**Task instructions:** Copying rule for the data below: pictures stay out, and only the lines from the one with "Hand-painted Bow Bookstack Compact Mirror" down to the one with "Cobalt Blue Reefer Jacket", inclusive, are repeated exactly.

**Given data:**
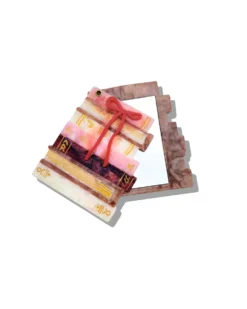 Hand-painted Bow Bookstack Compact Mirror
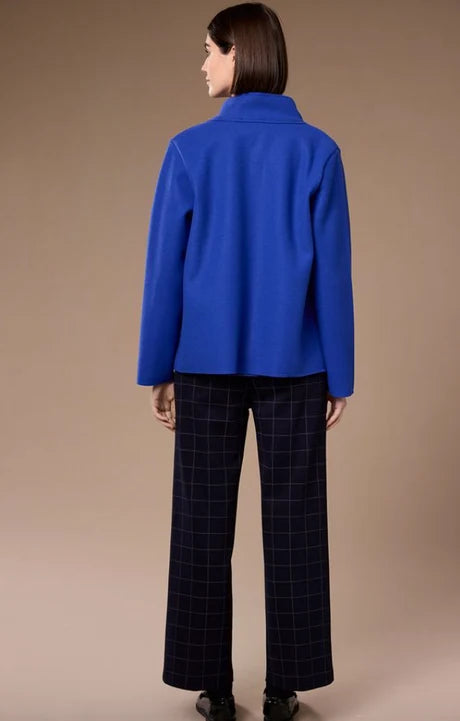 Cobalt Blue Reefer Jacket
--
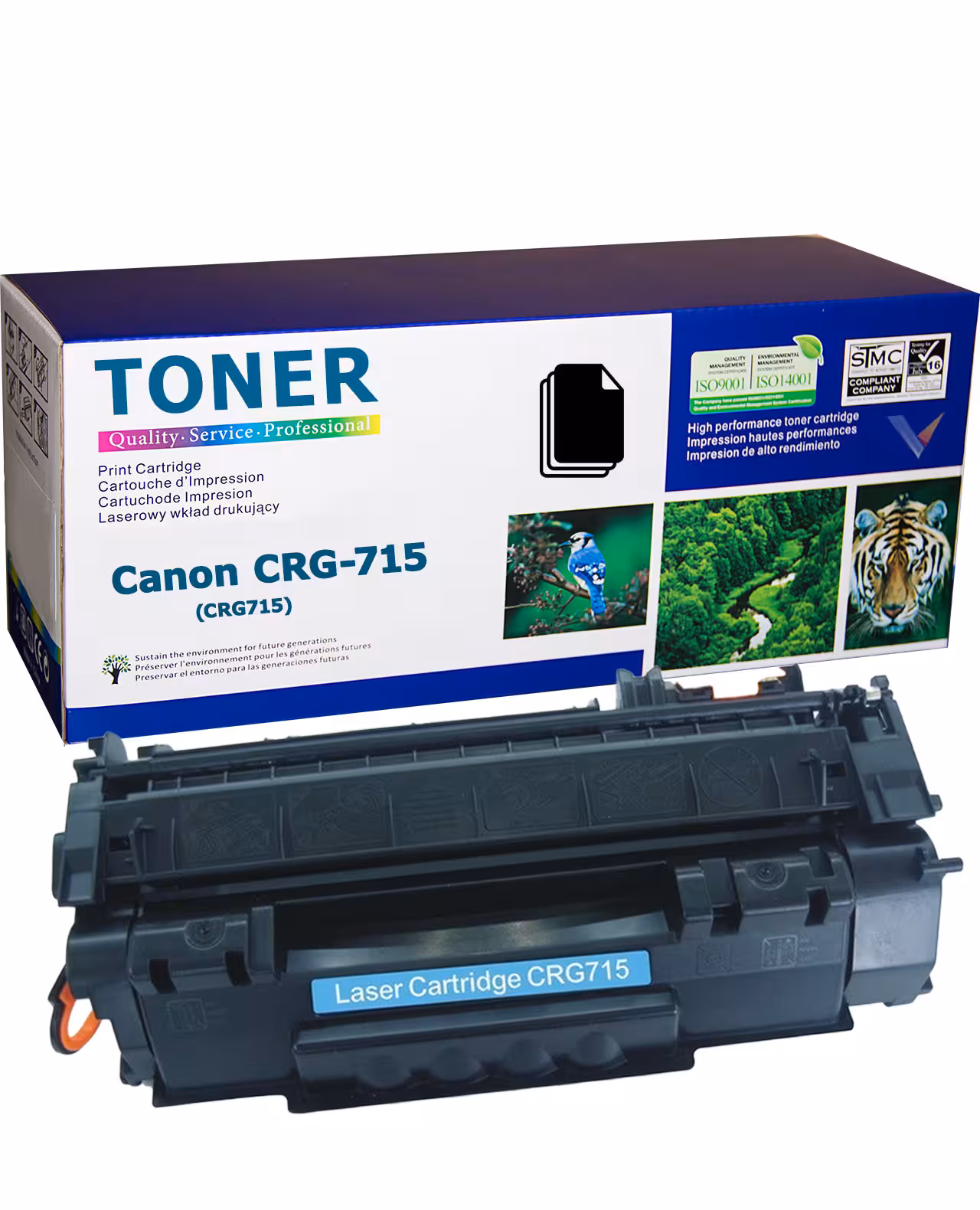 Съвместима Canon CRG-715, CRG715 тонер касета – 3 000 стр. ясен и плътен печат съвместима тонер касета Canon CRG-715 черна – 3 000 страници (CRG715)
...
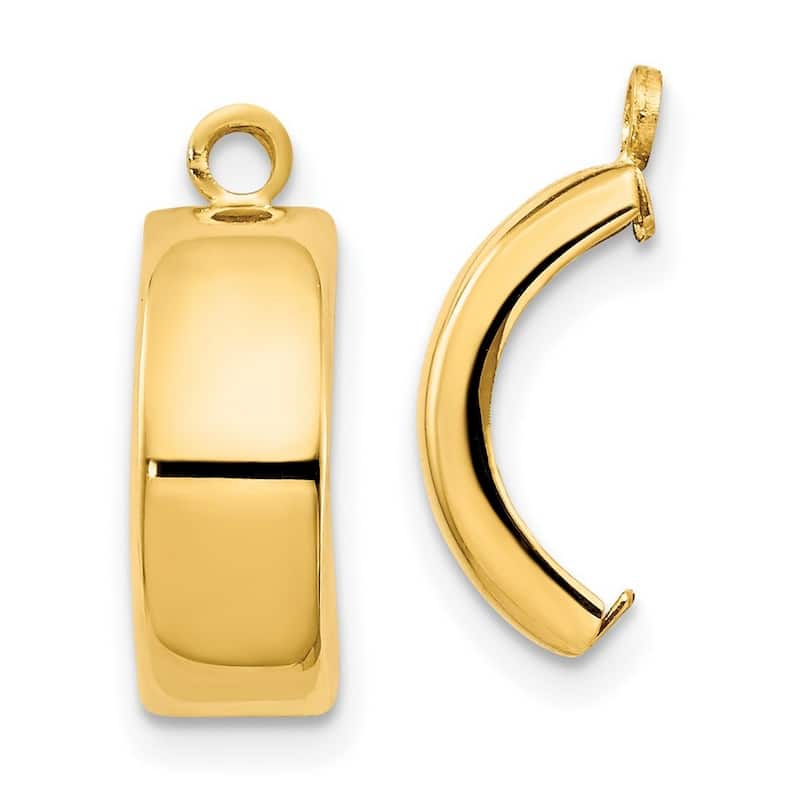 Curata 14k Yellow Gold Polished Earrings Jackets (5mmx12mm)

**Response below:**
 Hand-painted Bow Bookstack Compact Mirror
 Cobalt Blue Reefer Jacket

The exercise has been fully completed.